Stored items
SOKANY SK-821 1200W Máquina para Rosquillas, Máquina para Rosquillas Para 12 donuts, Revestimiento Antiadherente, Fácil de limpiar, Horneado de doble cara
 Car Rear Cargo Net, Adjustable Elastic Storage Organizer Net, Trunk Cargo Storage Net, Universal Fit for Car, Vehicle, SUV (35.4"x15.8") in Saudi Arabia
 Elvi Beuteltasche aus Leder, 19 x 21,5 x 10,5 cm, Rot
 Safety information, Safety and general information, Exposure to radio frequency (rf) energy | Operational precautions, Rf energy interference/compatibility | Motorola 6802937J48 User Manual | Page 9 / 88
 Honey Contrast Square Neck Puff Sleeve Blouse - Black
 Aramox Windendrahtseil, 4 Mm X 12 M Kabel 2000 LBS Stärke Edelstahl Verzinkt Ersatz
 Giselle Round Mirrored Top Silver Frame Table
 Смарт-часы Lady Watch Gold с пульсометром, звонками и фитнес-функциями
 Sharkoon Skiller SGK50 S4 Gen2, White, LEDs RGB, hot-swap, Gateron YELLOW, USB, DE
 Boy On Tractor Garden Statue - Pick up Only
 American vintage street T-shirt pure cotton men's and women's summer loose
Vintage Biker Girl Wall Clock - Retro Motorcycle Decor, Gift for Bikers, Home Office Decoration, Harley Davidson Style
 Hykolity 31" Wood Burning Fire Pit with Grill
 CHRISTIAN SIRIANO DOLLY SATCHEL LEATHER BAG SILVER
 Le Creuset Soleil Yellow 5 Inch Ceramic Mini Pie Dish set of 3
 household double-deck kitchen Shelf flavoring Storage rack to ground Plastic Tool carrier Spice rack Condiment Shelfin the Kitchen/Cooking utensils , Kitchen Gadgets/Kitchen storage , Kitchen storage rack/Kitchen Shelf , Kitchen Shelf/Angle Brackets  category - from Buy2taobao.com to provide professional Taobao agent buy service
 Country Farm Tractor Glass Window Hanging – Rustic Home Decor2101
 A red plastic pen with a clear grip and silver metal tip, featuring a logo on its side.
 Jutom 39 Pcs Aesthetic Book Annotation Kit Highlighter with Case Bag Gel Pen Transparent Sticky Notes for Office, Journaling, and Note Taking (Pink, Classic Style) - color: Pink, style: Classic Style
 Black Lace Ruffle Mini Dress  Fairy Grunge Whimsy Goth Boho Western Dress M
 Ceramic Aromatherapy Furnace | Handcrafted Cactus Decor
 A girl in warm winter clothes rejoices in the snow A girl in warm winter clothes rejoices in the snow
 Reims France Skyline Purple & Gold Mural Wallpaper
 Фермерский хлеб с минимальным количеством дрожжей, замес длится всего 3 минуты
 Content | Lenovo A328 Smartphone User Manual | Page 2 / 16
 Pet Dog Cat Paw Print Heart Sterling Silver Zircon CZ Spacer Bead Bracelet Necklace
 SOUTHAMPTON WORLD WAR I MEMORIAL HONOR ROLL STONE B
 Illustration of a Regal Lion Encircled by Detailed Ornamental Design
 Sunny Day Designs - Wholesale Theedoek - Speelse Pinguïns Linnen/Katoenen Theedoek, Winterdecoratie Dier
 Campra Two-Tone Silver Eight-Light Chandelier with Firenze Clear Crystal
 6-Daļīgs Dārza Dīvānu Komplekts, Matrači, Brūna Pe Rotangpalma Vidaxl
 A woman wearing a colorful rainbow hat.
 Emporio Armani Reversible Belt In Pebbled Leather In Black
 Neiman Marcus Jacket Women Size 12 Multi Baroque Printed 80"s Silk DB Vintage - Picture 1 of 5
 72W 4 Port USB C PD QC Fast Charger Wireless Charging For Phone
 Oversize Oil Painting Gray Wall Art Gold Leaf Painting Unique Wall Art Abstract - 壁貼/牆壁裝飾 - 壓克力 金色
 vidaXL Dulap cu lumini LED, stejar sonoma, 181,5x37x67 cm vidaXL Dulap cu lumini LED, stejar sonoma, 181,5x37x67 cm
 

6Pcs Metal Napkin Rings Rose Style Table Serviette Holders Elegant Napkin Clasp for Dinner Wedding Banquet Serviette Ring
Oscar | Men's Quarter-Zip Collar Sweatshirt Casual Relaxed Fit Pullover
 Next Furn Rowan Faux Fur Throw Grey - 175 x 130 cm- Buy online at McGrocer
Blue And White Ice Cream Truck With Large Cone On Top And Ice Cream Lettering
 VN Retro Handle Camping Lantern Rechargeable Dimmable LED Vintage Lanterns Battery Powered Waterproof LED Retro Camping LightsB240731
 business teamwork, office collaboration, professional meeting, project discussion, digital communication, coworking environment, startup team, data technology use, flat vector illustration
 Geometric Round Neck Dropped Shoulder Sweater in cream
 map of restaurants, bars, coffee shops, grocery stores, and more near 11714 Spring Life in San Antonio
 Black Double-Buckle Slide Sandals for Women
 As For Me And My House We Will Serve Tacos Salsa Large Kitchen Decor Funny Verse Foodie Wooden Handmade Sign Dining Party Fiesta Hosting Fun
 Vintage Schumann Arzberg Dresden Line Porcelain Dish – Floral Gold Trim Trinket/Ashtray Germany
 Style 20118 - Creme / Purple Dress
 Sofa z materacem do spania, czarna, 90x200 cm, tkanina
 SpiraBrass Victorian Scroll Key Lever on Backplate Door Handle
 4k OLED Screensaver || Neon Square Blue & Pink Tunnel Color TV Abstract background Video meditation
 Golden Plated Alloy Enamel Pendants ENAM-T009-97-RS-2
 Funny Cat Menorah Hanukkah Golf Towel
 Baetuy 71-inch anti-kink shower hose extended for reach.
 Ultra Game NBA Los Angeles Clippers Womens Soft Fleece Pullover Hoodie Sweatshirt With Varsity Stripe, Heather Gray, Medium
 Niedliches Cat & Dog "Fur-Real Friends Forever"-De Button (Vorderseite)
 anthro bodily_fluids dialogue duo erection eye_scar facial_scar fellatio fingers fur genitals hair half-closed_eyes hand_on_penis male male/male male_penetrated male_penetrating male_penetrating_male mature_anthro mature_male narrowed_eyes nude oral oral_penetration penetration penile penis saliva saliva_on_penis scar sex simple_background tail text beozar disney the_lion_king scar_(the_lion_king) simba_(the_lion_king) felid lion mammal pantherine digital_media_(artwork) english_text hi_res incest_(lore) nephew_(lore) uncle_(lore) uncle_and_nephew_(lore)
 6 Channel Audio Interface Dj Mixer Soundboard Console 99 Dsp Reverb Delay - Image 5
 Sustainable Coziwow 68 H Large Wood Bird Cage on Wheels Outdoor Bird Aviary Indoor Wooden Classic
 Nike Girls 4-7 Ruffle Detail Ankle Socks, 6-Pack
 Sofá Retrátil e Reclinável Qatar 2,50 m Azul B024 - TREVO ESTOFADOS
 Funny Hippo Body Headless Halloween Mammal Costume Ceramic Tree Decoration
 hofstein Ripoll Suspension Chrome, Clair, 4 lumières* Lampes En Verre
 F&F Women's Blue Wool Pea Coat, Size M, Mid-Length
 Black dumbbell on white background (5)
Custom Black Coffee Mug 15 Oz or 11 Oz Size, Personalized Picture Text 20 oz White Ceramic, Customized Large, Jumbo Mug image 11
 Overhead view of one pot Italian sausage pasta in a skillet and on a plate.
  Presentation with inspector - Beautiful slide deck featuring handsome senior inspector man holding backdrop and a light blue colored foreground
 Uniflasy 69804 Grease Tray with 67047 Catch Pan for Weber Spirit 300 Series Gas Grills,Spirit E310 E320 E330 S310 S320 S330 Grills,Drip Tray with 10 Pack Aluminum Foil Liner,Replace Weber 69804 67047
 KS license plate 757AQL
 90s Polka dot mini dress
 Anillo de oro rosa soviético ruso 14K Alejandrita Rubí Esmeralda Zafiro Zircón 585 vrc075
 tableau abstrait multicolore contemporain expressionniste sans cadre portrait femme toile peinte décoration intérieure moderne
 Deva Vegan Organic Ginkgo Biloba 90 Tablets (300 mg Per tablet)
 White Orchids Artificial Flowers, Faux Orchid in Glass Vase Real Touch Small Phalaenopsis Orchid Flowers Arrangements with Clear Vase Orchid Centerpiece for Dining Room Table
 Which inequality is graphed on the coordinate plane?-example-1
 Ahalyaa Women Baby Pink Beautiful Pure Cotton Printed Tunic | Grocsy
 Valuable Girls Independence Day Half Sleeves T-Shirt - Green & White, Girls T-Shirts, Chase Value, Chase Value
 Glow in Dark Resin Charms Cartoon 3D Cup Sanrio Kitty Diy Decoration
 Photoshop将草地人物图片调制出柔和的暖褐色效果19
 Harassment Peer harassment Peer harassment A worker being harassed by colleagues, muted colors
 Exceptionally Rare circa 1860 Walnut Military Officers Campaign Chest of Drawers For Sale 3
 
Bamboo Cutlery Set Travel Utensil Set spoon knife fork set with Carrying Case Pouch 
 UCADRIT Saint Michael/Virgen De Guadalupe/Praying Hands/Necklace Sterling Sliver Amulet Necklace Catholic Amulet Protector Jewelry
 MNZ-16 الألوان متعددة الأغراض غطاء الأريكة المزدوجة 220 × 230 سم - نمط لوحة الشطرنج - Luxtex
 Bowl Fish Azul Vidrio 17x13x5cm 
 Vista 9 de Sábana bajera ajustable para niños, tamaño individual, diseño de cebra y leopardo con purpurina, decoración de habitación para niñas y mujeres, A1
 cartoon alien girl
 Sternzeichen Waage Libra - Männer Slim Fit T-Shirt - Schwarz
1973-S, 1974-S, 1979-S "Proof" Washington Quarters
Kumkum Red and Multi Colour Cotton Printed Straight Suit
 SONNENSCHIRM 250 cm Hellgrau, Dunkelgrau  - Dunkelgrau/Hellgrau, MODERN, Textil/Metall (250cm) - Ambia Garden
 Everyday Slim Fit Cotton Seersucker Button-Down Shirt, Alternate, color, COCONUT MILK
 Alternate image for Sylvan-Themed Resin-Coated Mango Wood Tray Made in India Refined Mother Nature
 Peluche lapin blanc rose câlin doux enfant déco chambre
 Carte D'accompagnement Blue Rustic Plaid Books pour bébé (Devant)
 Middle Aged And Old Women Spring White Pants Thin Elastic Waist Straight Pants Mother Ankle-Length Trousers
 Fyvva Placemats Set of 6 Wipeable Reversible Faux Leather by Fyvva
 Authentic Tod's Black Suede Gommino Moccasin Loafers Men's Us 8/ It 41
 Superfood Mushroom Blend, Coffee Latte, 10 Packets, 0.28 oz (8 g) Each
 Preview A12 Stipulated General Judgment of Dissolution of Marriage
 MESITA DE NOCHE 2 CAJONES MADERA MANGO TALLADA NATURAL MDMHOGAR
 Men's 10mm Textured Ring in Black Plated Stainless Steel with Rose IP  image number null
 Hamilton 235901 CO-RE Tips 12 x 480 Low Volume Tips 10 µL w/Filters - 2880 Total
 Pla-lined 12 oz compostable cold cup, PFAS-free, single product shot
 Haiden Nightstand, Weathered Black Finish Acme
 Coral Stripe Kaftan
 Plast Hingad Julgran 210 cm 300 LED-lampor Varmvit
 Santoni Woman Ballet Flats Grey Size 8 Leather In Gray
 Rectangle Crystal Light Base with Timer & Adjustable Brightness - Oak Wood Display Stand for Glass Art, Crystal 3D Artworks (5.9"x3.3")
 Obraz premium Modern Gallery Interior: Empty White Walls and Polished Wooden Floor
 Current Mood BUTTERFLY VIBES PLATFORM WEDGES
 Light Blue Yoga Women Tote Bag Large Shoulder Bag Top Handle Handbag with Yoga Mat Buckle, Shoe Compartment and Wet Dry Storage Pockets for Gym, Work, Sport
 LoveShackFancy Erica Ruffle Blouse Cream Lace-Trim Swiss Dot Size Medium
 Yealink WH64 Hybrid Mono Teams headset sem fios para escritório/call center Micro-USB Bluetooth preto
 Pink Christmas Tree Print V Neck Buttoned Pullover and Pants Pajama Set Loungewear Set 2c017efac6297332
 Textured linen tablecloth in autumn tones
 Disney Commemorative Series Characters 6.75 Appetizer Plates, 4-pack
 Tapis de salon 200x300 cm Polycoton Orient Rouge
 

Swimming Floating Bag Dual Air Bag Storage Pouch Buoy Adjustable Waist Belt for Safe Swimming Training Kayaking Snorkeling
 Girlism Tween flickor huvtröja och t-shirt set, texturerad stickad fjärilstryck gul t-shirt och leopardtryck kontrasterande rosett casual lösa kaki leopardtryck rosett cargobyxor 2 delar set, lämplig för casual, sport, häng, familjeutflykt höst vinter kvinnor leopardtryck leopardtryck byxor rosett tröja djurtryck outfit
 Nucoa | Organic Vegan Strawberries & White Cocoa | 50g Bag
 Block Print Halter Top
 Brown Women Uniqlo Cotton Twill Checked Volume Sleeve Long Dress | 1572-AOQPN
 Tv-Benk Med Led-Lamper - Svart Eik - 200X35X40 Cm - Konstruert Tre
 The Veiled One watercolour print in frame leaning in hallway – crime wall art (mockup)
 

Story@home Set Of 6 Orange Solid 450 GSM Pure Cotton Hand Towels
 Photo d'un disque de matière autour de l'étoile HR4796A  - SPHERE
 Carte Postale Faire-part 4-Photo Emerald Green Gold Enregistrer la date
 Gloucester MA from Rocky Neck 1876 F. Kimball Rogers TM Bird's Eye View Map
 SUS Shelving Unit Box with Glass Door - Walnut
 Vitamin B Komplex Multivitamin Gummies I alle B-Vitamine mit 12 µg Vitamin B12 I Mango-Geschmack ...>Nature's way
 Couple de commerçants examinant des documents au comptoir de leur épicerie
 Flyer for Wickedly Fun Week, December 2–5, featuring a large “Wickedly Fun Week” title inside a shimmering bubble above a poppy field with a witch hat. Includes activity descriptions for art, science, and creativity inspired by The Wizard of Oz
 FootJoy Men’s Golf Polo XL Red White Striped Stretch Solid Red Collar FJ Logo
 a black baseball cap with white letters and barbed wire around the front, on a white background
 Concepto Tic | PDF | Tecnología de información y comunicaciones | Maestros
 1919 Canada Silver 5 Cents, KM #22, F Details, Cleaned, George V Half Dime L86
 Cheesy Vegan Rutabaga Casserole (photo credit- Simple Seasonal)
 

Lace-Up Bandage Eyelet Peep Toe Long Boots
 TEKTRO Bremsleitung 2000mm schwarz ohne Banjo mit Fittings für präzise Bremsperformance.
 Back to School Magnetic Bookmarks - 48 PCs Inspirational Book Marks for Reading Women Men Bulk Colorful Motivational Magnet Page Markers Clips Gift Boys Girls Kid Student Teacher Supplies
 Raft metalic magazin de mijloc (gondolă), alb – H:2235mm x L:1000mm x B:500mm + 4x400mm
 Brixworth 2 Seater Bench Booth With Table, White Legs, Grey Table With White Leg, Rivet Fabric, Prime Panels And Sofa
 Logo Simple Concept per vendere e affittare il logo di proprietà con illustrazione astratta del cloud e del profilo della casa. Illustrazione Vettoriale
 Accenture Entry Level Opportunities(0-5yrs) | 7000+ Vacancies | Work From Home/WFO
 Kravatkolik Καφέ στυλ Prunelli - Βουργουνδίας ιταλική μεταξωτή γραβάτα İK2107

### TASK GOAL:
The required output is the exact run of lines from the beginning of the records to the line with "Смарт-часы Lady Watch", that line included.

### ANSWER BELOW:
SOKANY SK-821 1200W Máquina para Rosquillas, Máquina para Rosquillas Para 12 donuts, Revestimiento Antiadherente, Fácil de limpiar, Horneado de doble cara
 Car Rear Cargo Net, Adjustable Elastic Storage Organizer Net, Trunk Cargo Storage Net, Universal Fit for Car, Vehicle, SUV (35.4"x15.8") in Saudi Arabia
 Elvi Beuteltasche aus Leder, 19 x 21,5 x 10,5 cm, Rot
 Safety information, Safety and general information, Exposure to radio frequency (rf) energy | Operational precautions, Rf energy interference/compatibility | Motorola 6802937J48 User Manual | Page 9 / 88
 Honey Contrast Square Neck Puff Sleeve Blouse - Black
 Aramox Windendrahtseil, 4 Mm X 12 M Kabel 2000 LBS Stärke Edelstahl Verzinkt Ersatz
 Giselle Round Mirrored Top Silver Frame Table
 Смарт-часы Lady Watch Gold с пульсометром, звонками и фитнес-функциями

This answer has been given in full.